Flush: clear all buffers
  Can't use typical amortized analysis because buffers might not be
  full, but it can't take more time than it would if they did. time is
  O(N/B log_{M/B} N/B).

Delete: insert timestamped delete element into the root buffer and
propagate it down as before. When an insert and delete for the same
element (with timestamps ok) meet in some buffer, they cancel each
other out. In a leaf, do a B-tree delete rather than a B-tree delete.

Offline searches (batched searches):
 Insert searches into the buffer. If a search hits an identical
 insertion, that's the exact answer. Otherwise, when the search hits a
 leaf, do a b-tree search and return the closest.

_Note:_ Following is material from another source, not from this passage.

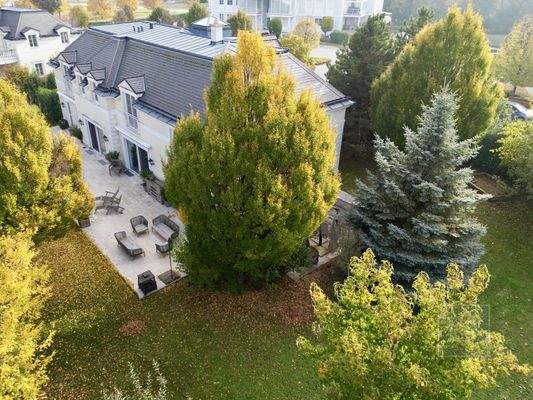 Luxusvilla Parkähnliches Anwesen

Range-search(x,y): find all elements between x and y
O(1/B log_{M/B} N/B + \frac{\abs{output}}{B})
Insert x and y endpoints, and accumulate answers ``off to the side''

Delete-min:
 Extra buffer of $M$ min elements - always in cache (being sloppy with
 constant factors here).
 Delete-min: delete-min of buffer of min. OK until buffer
 empties. Then we need the next $M$ smallest elements. This is a
 search tree, so the minimum elements will be along the left
 spine. Walk down the left spine, flushing. Refills buffer. Also need
 to check for new mins on insert, but doesn't change runtime since all
 in cache.
\end{document}